“Malu” é uma obra que, à primeira vista, parece se desdobrar como uma comédia de costumes, mas logo revela a profundidade emocional de um drama familiar intenso e cheio de camadas. Dirigido por Pedro Freire em sua estreia como diretor de longas, o filme segue a história de Malu (Yara de Novaes), uma atriz desempregada que vive em uma casa caindo aos pedaços na periferia do Rio de Janeiro. Malu não só enfrenta as dificuldades de uma carreira em declínio, como também é obrigada a conviver com sua mãe, Lili (Juliana Carneiro da Cunha), uma conservadora de língua afiada, e sua filha Joanna (Carol Duarte), recém-chegada da França e com uma relação tão complexa quanto as outras.
O filme faz parte da programação da 48ª Mostra Internacional de Cinema em São Paulo. Para mais informações, basta clicar aqui.
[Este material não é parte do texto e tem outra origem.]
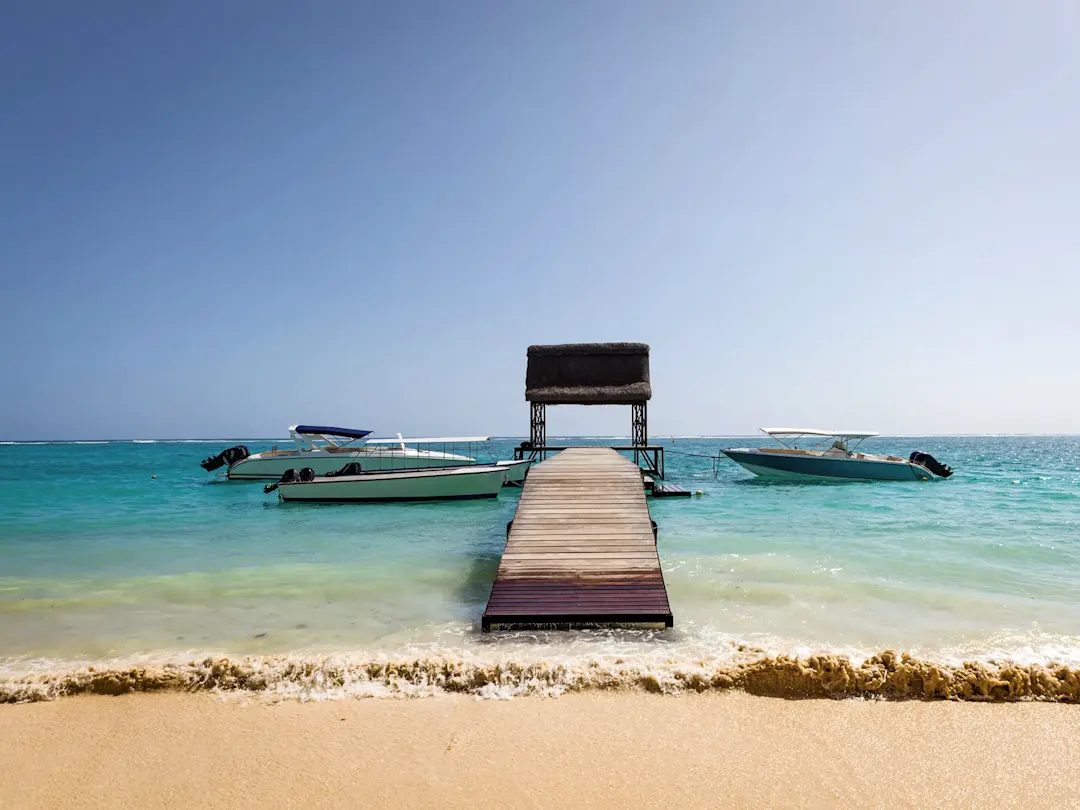 Mauritius, Strand Steg mit Booten im türkisfarbenen Wasser an einem Sandstrand, Mauritius.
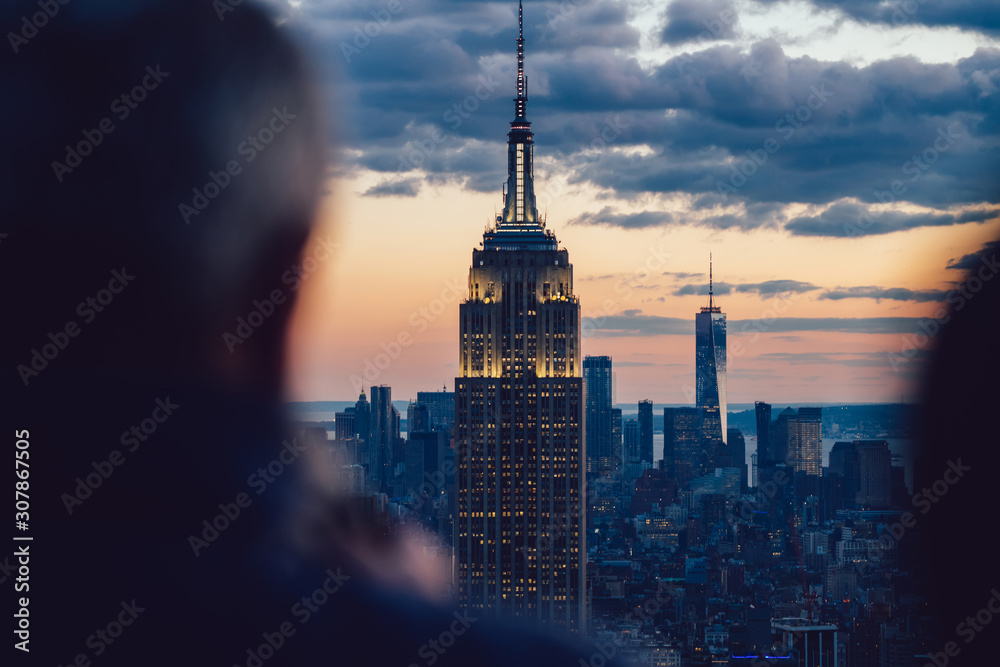 Obraz premium Aerial view of glowing skyscraper with bright buildings around located in Manhattan district of New York city. Famous landmark Empire State Building, beautiful skyline background, perfect wallpaper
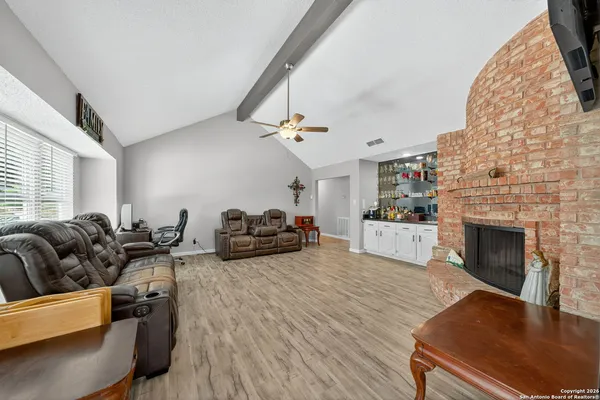 a living room with furniture fireplace and couch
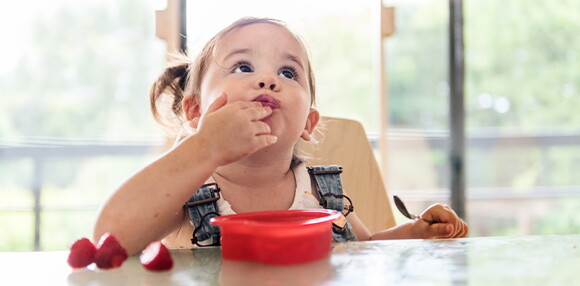 Prueba qué frutas pueden comer los bebés dándole una cada día e identificando sus gustos. Niña comiendo fresa.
A força de “Malu” reside nas tensões intergeracionais. São três mulheres, três personalidades, e uma casa que parece pequena demais para conter tanto passado não resolvido. A interação entre elas é natural, o que torna o filme não só doloroso, mas também incrivelmente realista. Há algo universal nas disputas familiares retratadas, especialmente quando essas gerações se deparam com suas memórias e valores, chocando-se como placas tectônicas sob o mesmo teto.
Freire, com sua direção naturalista, aposta em longas tomadas que permitem que o elenco brilhe em sua complexidade. Yara de Novaes entrega uma performance devastadora, imersa no caos emocional de Malu, que é ao mesmo tempo engraçada e profundamente trágica. A excentricidade da personagem é retratada com tal intensidade que, em muitos momentos, é difícil não sentir um misto de simpatia e desconforto, especialmente quando ela cruza a linha entre o excêntrico e o cruel.
Visualmente, o filme captura o lado menos glamoroso do Rio de Janeiro. A decadência física da casa reflete a ruína emocional da família. A cinematografia, por sua vez, é eficaz ao retratar essa intimidade sufocante, com enquadramentos fechados que enfatizam o peso do passado sobre essas mulheres. Essa escolha estética não só reforça a temática da memória e do legado, mas também amplia o impacto emocional do filme.
No entanto, “Malu” peca pela falta de um fio condutor narrativo mais claro. A sensação é de que a trama anda em círculos durante grande parte do filme, sem um destino claro até o terceiro ato. Esse excesso de repetições acaba minando o ritmo, deixando o espectador em busca de uma resolução que demora a chegar. A narrativa, por vezes, parece flutuar, dependendo quase exclusivamente das interações entre as personagens para manter o interesse.
A presença de Tibira (Átila Bee), amigo e “inquilino” de Malu, é outro ponto de interesse, adicionando uma camada a mais de tensão na trama. Embora seja um personagem coadjuvante, ele ocupa um espaço importante ao ser o único que parece compreender Malu em sua totalidade. Ainda assim, suas interações com as outras personagens revelam o abismo entre gerações, reforçando os conflitos centrais da narrativa.
“Malu” é um drama familiar que se perde em sua própria estrutura narrativa, mas que se sustenta em uma interpretação arrebatadora e momentos de pura verdade emocional. Pedro Freire traz uma obra que, apesar de suas falhas, ressoa com uma sinceridade crua, falando de gerações que se enfrentam em busca de uma compreensão impossível. A atuação visceral de Yara de Novaes é o que eleva o filme a outro nível, fazendo com que, no final das contas, “Malu” deixe uma marca.